• [What to do] Within the listing below, the lines to output run from the one containing "2795 N Beach Road Englewood FL 34223" through the one containing "IvonneS65259027's tweet photo."; copy them exactly and nothing else.

### Material to process

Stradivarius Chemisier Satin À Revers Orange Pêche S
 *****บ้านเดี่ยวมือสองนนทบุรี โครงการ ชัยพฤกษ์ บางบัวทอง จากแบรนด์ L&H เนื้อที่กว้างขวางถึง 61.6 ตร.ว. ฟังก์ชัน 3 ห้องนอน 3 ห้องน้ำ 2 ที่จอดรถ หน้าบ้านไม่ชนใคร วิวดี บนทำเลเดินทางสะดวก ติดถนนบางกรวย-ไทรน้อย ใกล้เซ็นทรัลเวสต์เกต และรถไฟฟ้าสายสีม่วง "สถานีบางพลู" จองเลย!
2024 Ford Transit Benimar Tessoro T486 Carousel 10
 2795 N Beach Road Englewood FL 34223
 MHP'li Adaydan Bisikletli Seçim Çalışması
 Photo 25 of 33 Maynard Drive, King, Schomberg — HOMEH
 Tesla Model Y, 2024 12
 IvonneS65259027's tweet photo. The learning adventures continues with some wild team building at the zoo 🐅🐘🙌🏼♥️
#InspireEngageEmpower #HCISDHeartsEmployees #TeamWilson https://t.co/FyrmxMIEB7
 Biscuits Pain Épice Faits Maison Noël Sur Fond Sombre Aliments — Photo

######

• [Solution to the problem]
 2795 N Beach Road Englewood FL 34223
 MHP'li Adaydan Bisikletli Seçim Çalışması
 Photo 25 of 33 Maynard Drive, King, Schomberg — HOMEH
 Tesla Model Y, 2024 12
 IvonneS65259027's tweet photo. The learning adventures continues with some wild team building at the zoo 🐅🐘🙌🏼♥️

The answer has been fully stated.